_Records shown_:
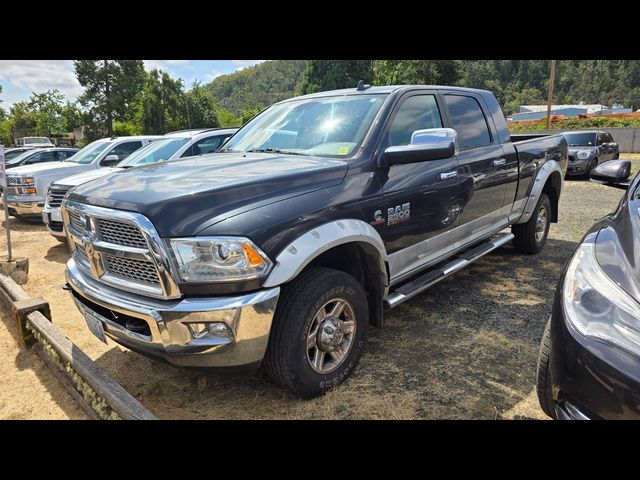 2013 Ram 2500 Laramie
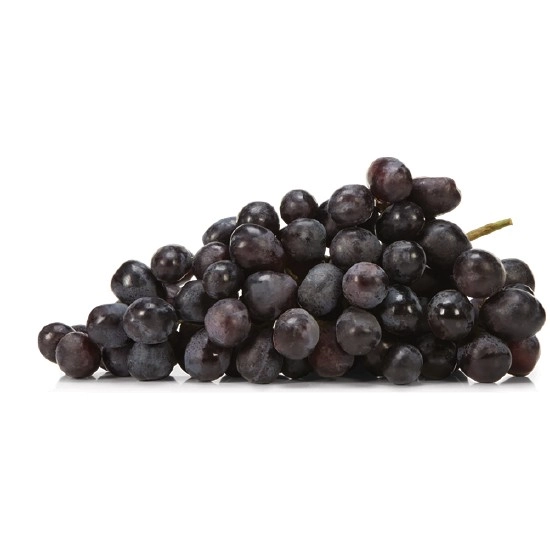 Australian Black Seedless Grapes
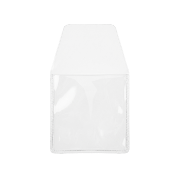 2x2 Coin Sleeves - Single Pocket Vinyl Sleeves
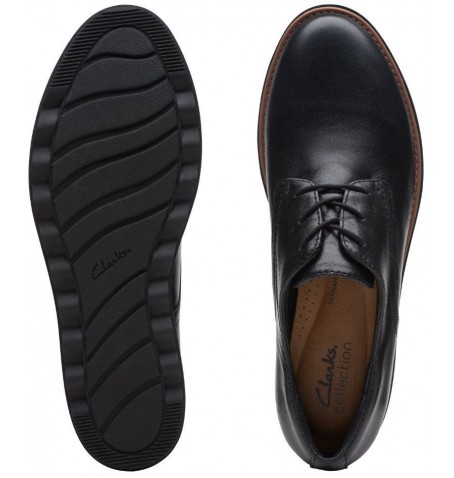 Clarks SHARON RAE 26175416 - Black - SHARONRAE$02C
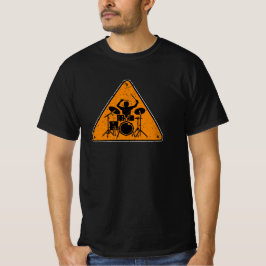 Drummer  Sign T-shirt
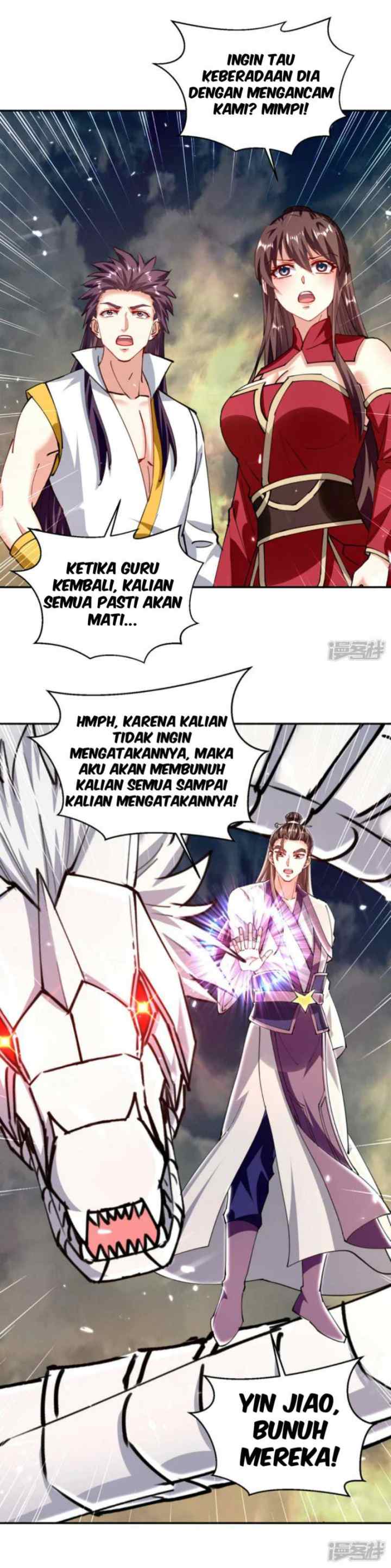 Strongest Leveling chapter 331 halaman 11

...

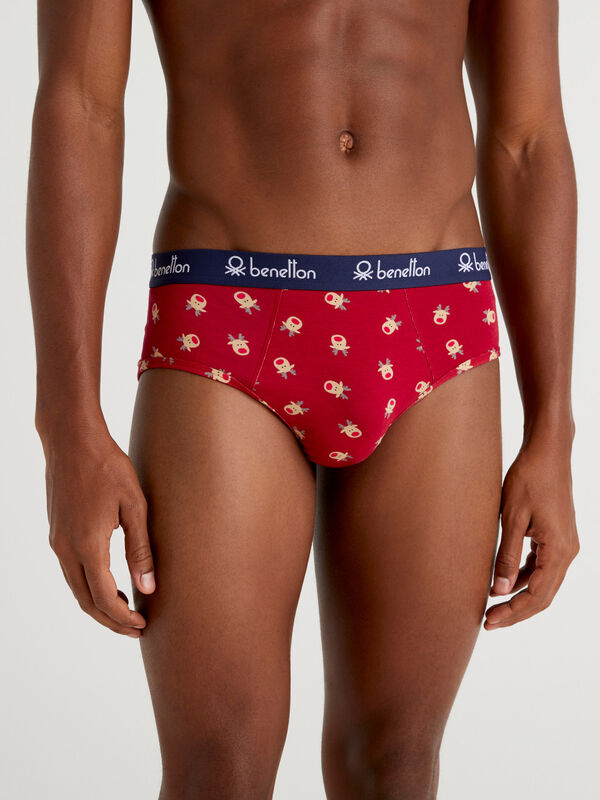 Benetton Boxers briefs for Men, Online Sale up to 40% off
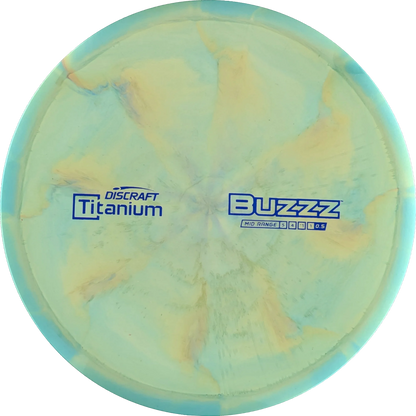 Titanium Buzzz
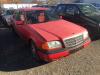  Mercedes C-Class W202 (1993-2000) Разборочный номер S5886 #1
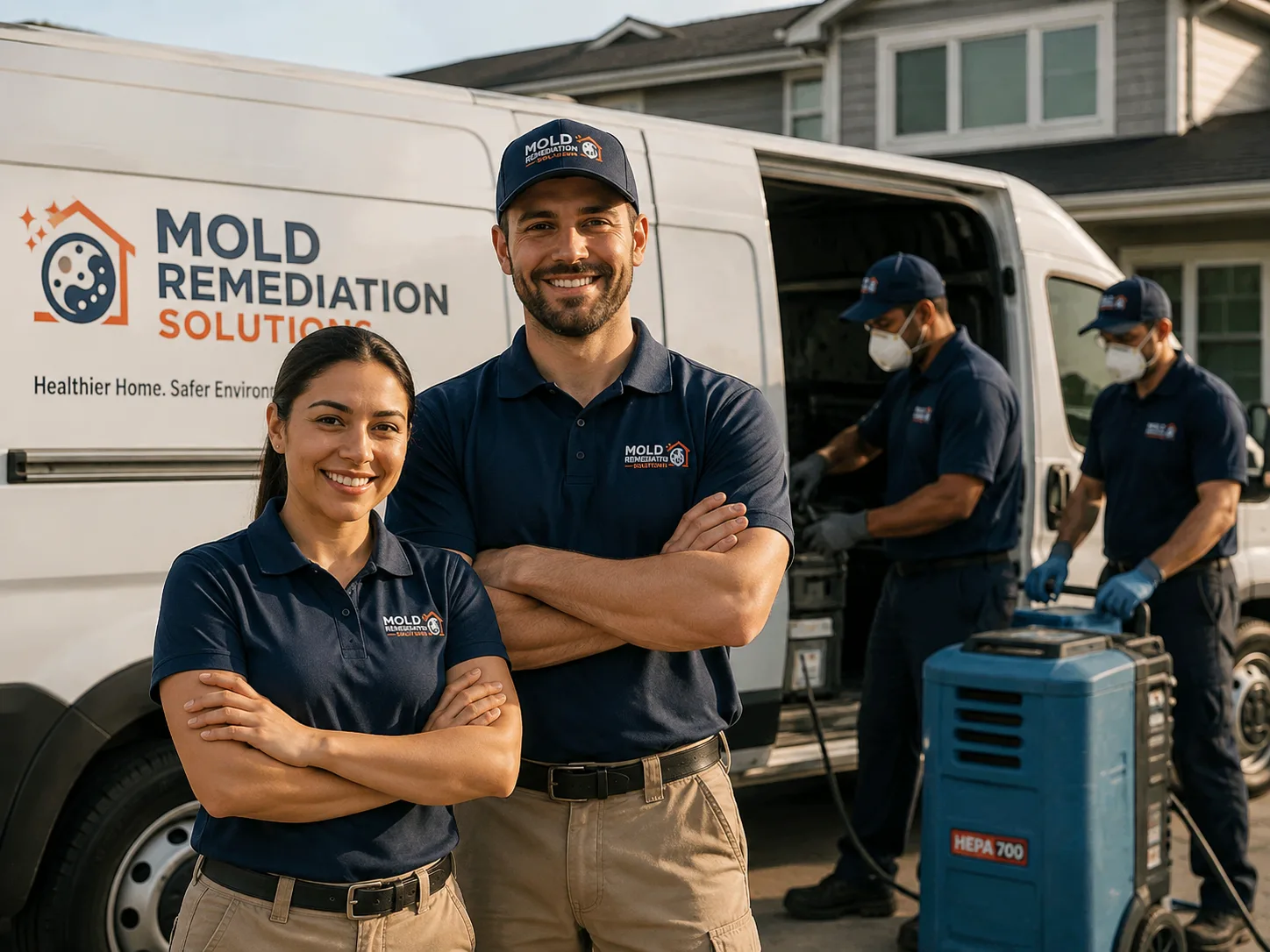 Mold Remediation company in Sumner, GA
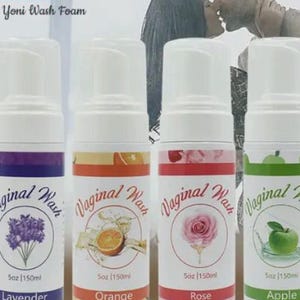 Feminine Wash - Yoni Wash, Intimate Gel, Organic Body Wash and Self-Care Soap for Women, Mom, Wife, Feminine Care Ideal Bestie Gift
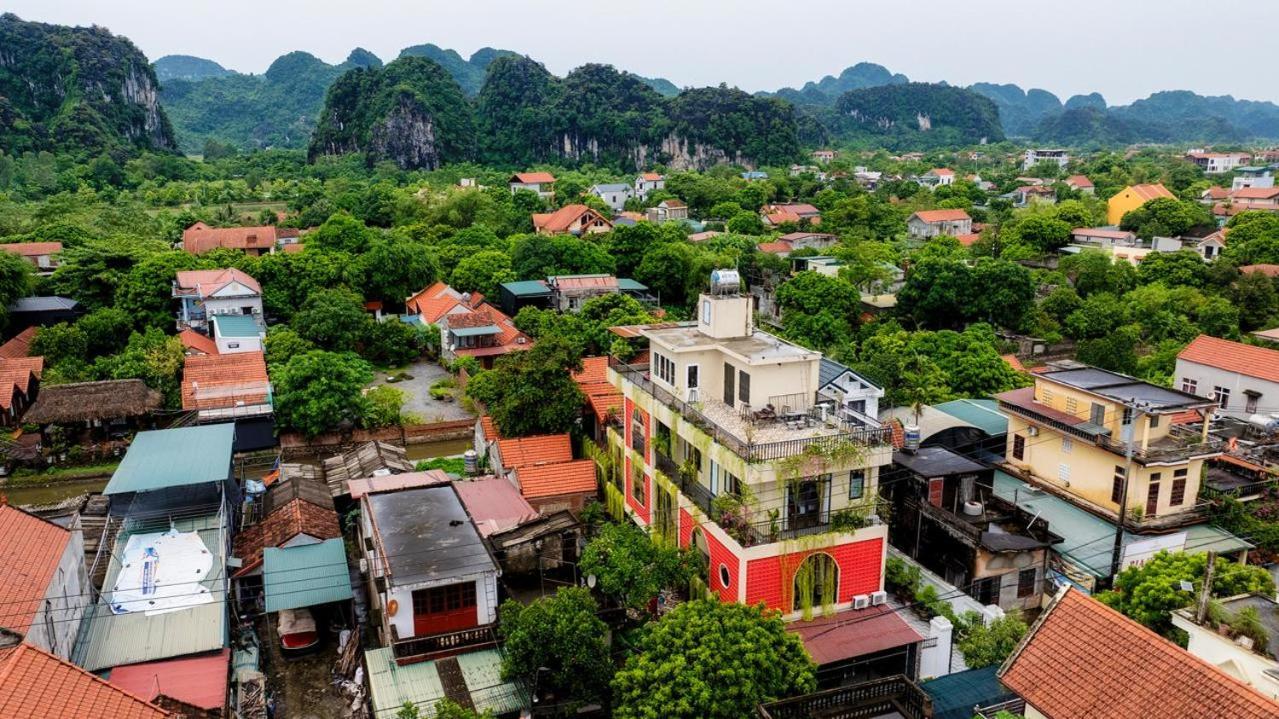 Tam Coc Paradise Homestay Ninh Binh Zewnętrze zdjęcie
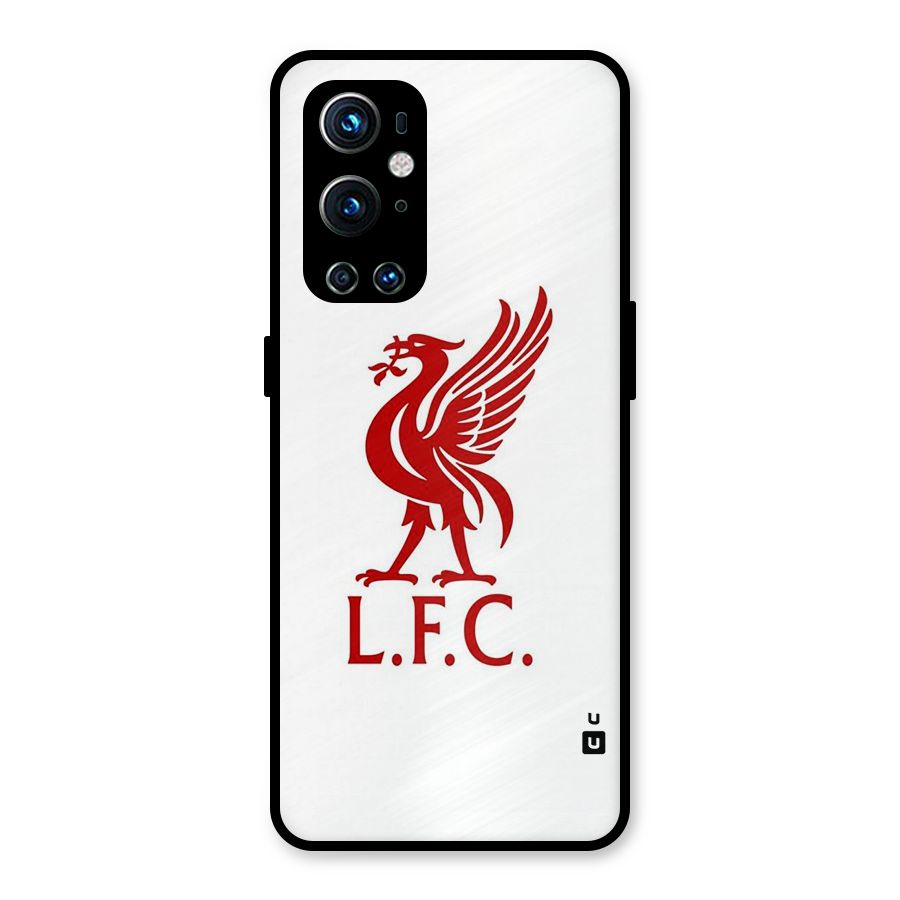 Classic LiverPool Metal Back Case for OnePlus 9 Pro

_Exercise_: Lines from the one above containing "2x2 Coin Sleeves" down to the one containing "Strongest Leveling chapter 331 halaman 11" should be transcribed exactly, with both ends kept and no pictures.

_Answer section_:
 2x2 Coin Sleeves - Single Pocket Vinyl Sleeves
 Clarks SHARON RAE 26175416 - Black - SHARONRAE$02C
 Drummer  Sign T-shirt
 Strongest Leveling chapter 331 halaman 11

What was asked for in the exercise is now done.